Mieux rassembler pour créer une alliance plus forte
De même, il ne faudrait pas non plus surestimer l’influence du secrétaire général sur les décisions prises par l’OTAN, souligne l’historienne. Ce n’est par exemple pas lui qui va organiser en tant que tel l’envoi de munitions à l’Ukraine. «Il n’a pas de programme politique et sa position doit être neutre. On pourrait qualifier sa fonction de rassembleur, ou de faiseur de compromis. Une sorte de vitrine de l’OTAN, qui représente au mieux la position unanime des 32 pays de l’organisation.» Par contre, ses talents de diplomate peuvent permettre d’éviter des conflits, notamment avec les dirigeants d’extrême-droite.
L’actuel Premier ministre néerlandais aura également à rappeler aux pays membres leurs engagements, comme celui d’atteindre les 2% de PIB investis dans la défense. Il ne pourra pas imposer cette mesure, puisqu’il s’agit d’une prérogative nationale. «Mais il peut, de par sa position, encourager les uns et les autres à aller dans le sens qui s’avérerait le plus positif pour l’alliance», précise Estelle Hoorickx.
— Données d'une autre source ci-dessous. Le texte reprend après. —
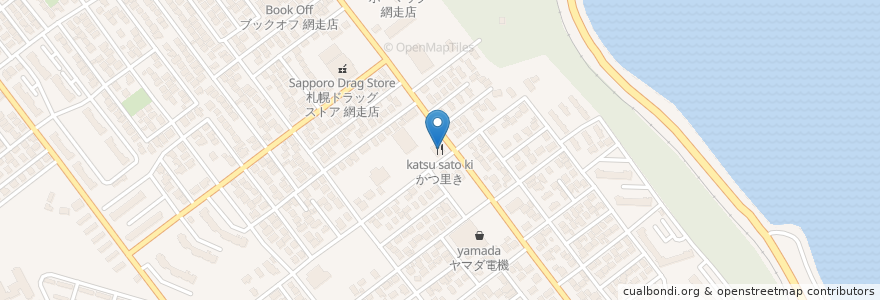 Mapa de ubicacion de かつ里き en 日本, 北海道, オホーツク総合振興局, 網走市.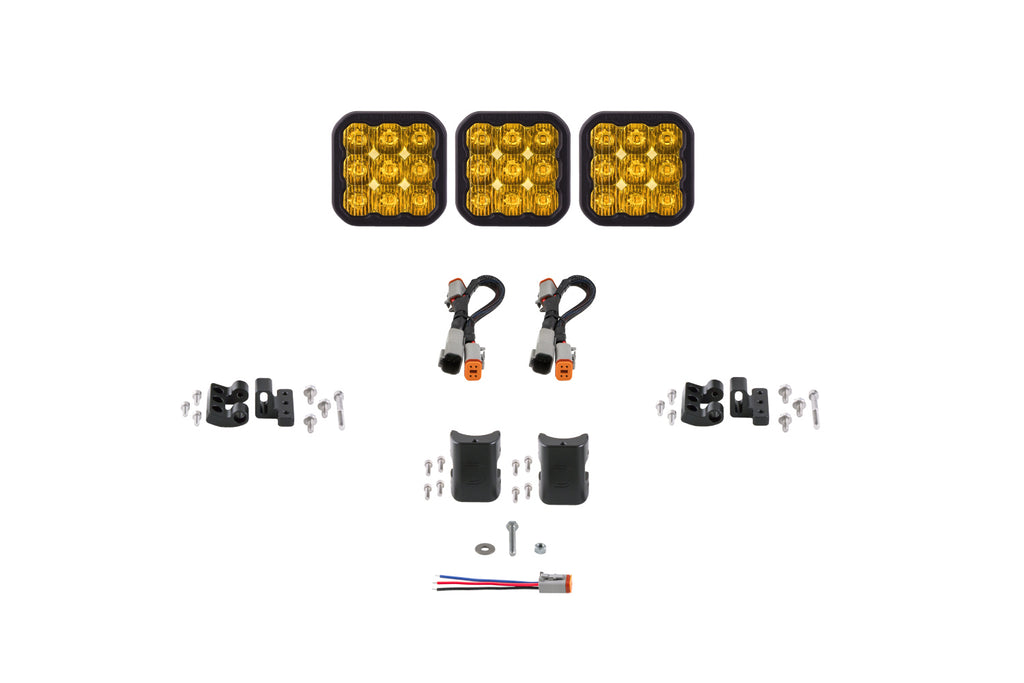 SS5 Sport Universal CrossLink 3-Pod Lightbar Yellow Driving Diode Dynamics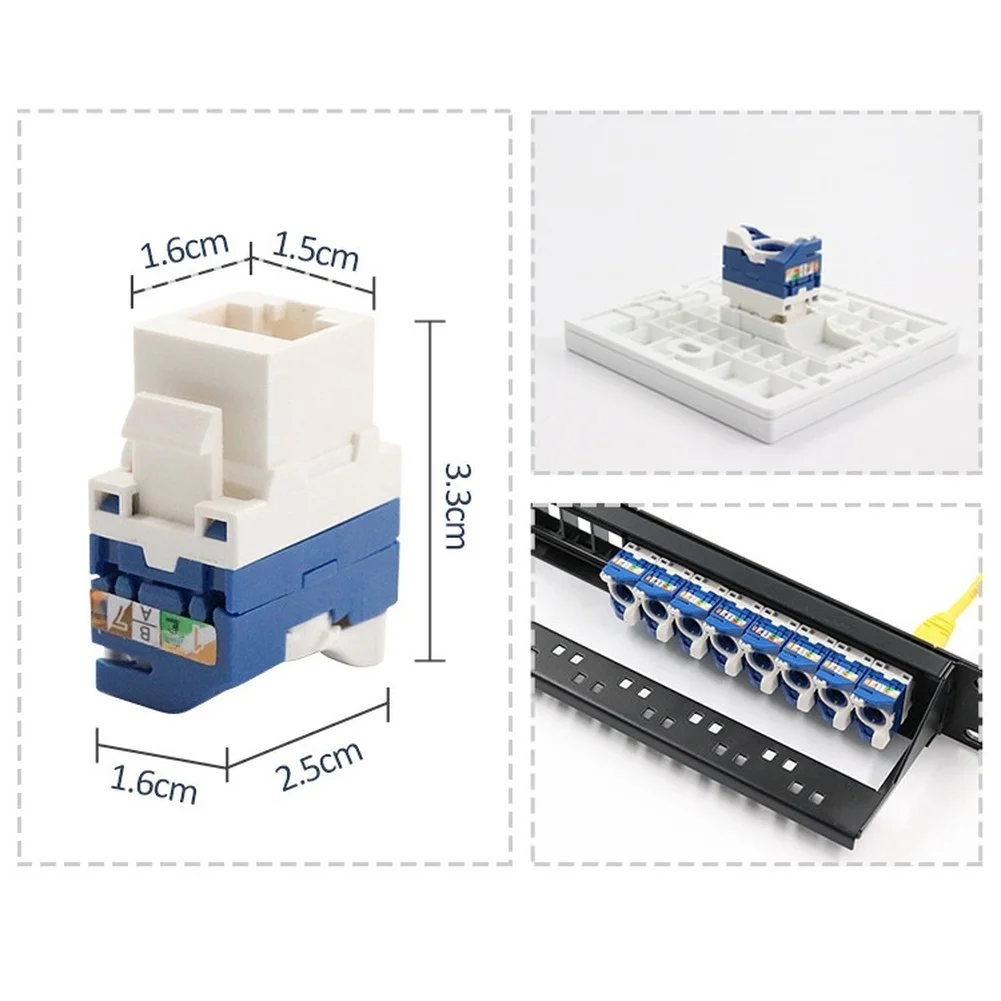 Cat6 180 Degree Rotating Network Connectors 10 Pack for Seamless Integration into For data Center and Office Wiring Systems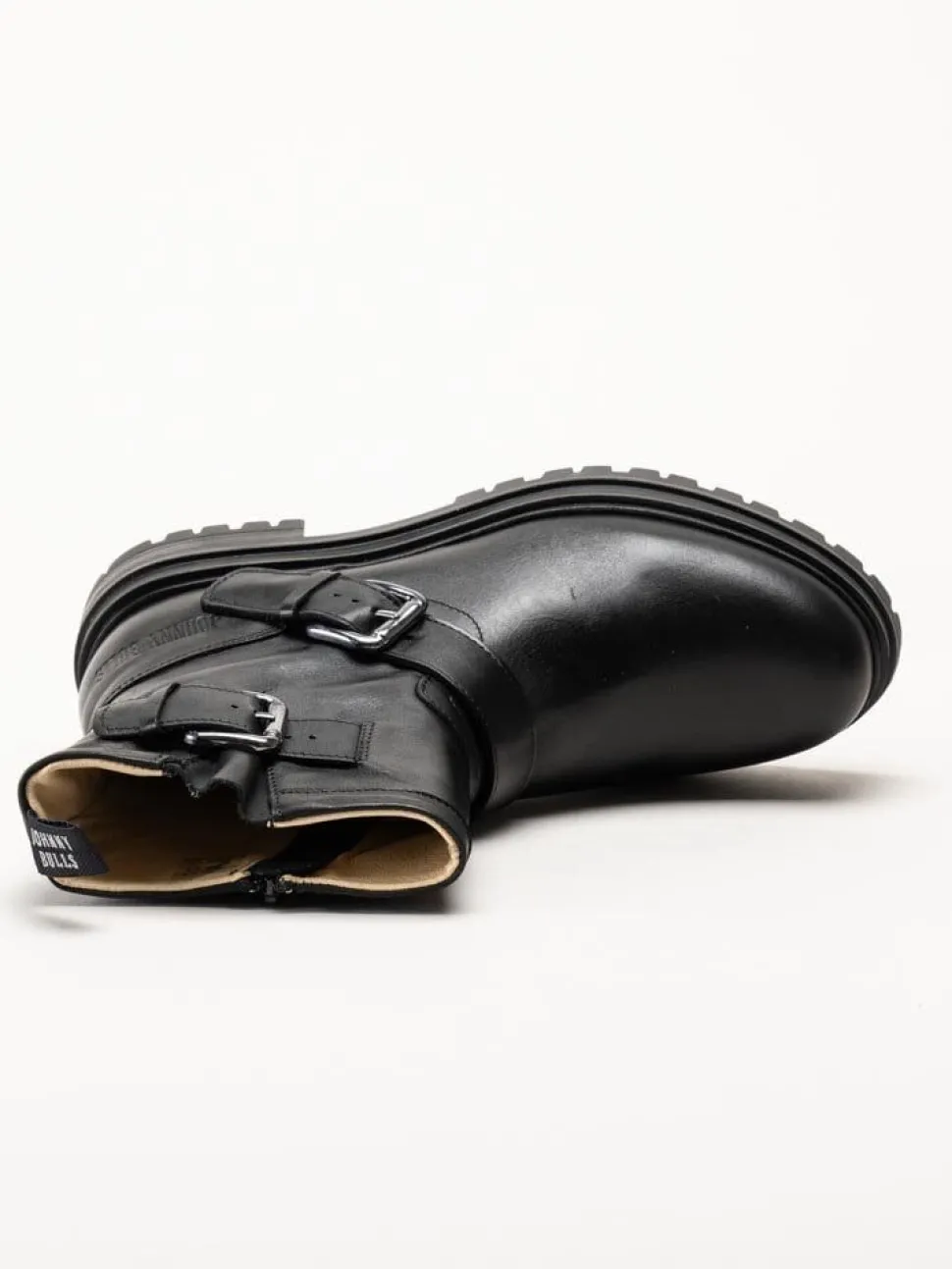 Johnny Bulls - Svarta bikerboots i skinn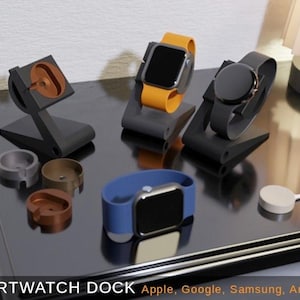 Universal Smartwatch Dock Vol. 2 – 3D Printed Stand for Apple, Samsung, Google, Garmin, Huawei, Amazfit, Pebble & More | Charger Base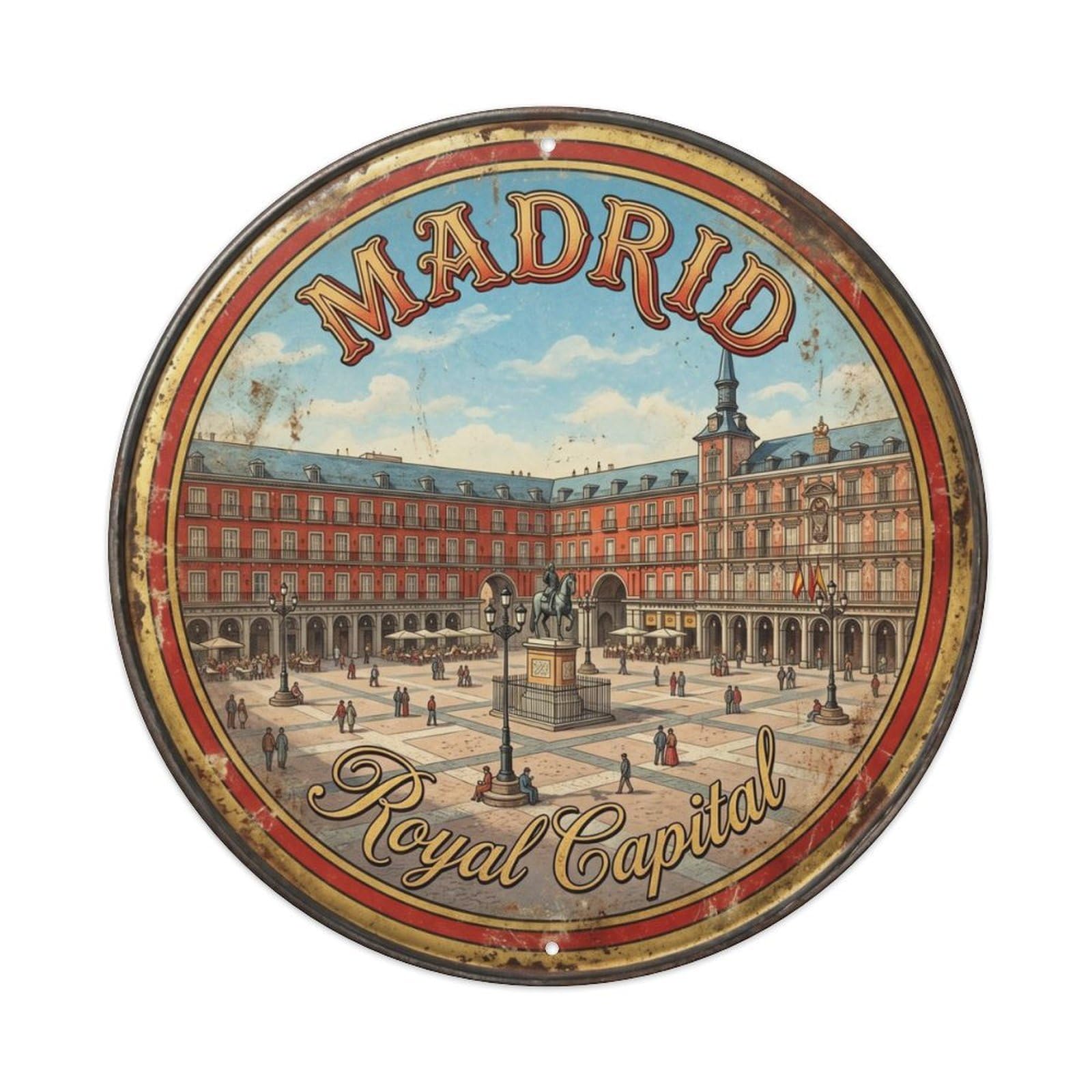Vintage Travel Madrid Plaza Mayor Metal Tin Sign Plaque Wall Decor for Cafe, Club, Garden Round Metal Poster 8x8Inch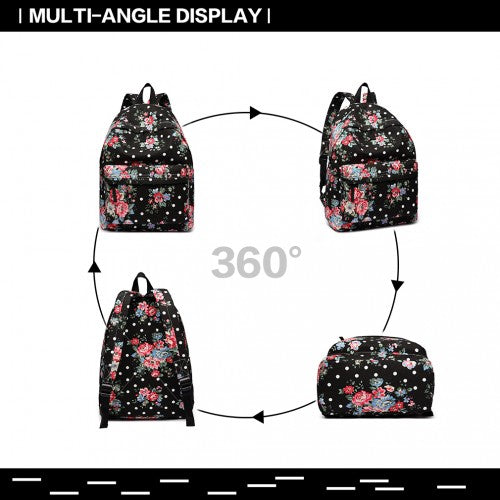 Easy Luggage E1401F - Miss Lulu Large Backpack Flower Polka Dot - Black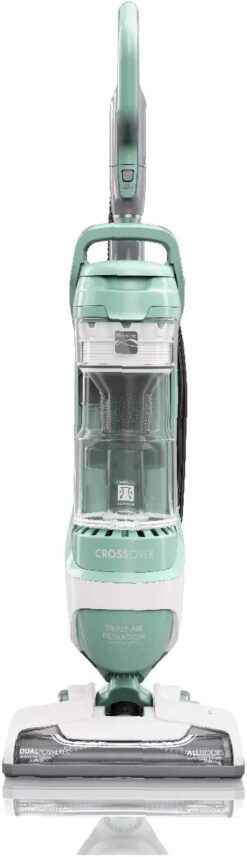 Kenmore DU3017 Friendly Upright Bagless 2-Motor Crossover Max Beltless Vacuum Cleaner with Lift-Away Design, Pet Handi-Mate, Triple HEPA, Height Adjustment, 3 Cleaning Tools, Light Green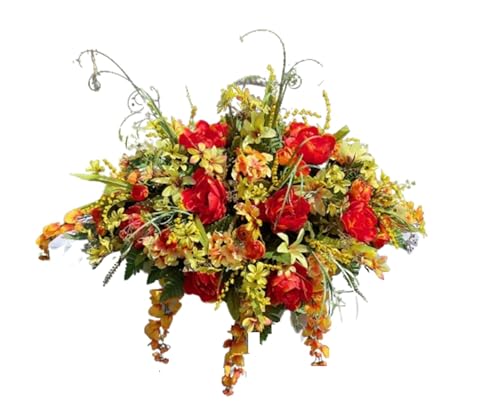 Product: Jucgghk Vivid and Realistic Floral Art 36" Large Fall Greens-Oranges Artificial Flowers,Fall Cemetery Arrangements for Grave Tombstone Decorations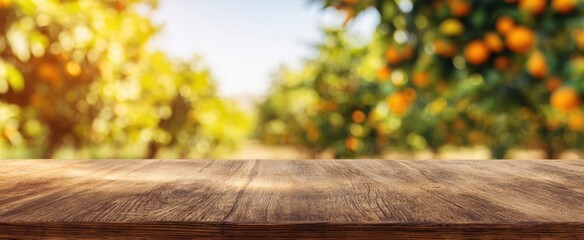 The rustic wooden table in a vibrant orange orchard under sunlight.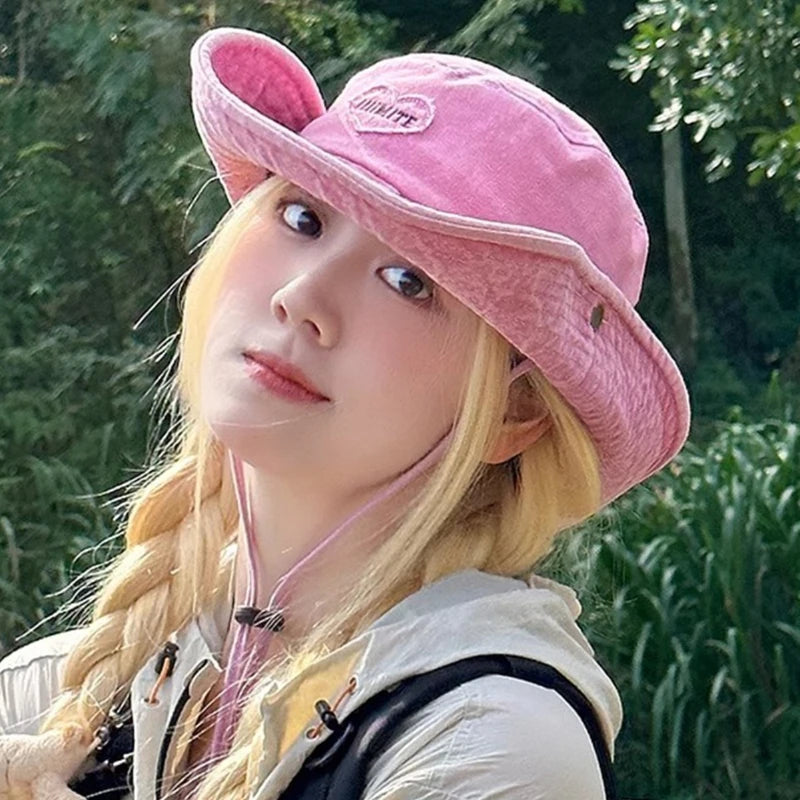 Japanese Retro Washed Pink Love Bucket Hat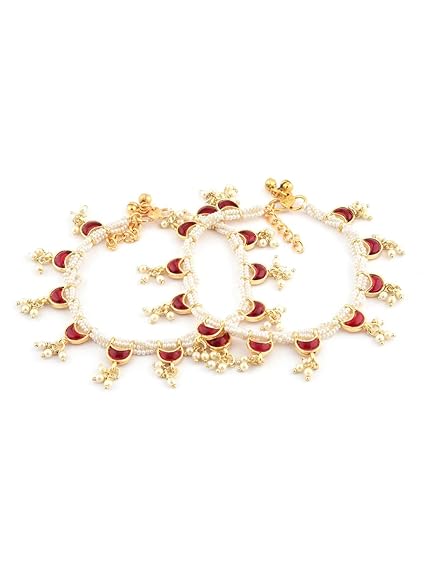 LukGud Pink Crescent Shape Kundan Drop Multistrand Anklets (2 Payals) For Women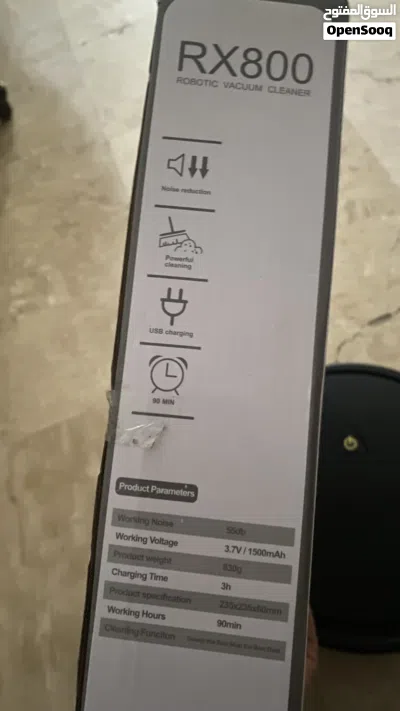 للبيع روبوتي تنظيف RX800 (أسود + أبيض) – شحن USB – تشغيل ذاتي 90 دقيقة 3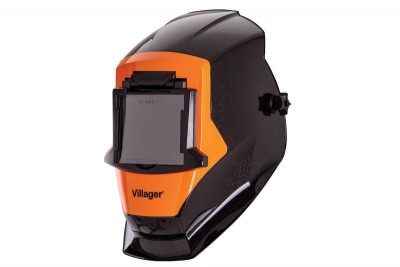 Máscara de soldadura preta e laranja com visor quadrado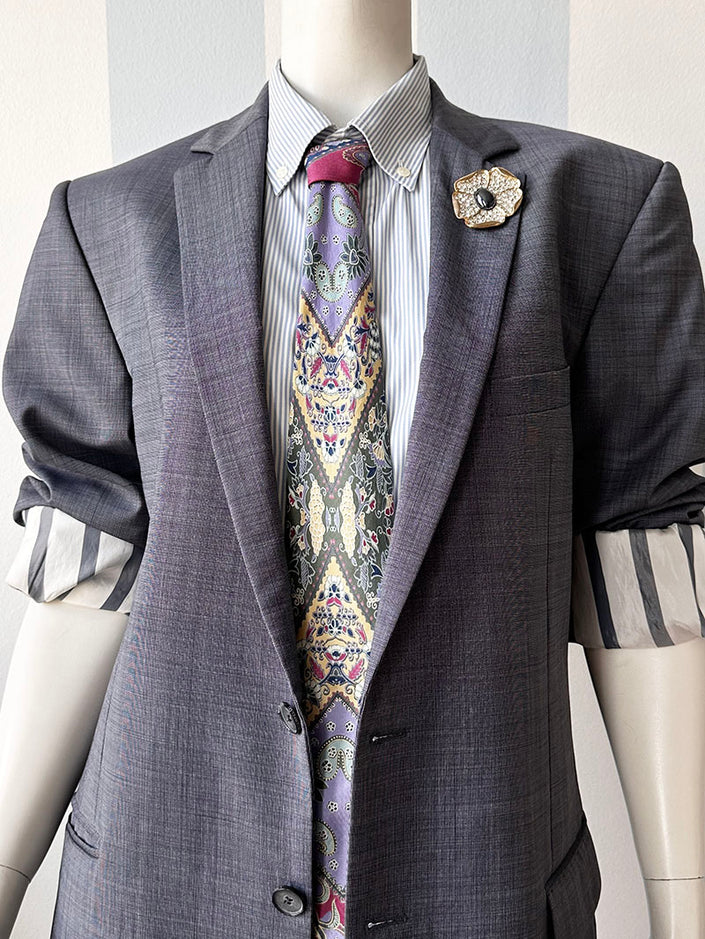 Donkerblauwe scheerwollen designer colbert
C’est en ce sens que Vira Ratsiborynska s’attend à ce que Mark Rutte puisse jouer un rôle notable. «Plusieurs pays, notamment à l’Est, ont déjà atteint 2% voire 3% de PIB du budget national dédié à la défense, parce qu’ils voient les menaces à leurs frontières, fait-elle remarquer. Ceux situés plus à l’ouest ont davantage tendance à investir moins. C’est là que la carte de la diplomatie peut permettre l’émergence d’une solidarité plus globale. Il y a beaucoup de défis à relever, comme la défense aérienne, les attaques hybrides de la Russie ou de la Chine, l’aide à l’Ukraine, etc. Mark Rutte pourrait faire en sorte que tous les Etats comprennent ces enjeux.»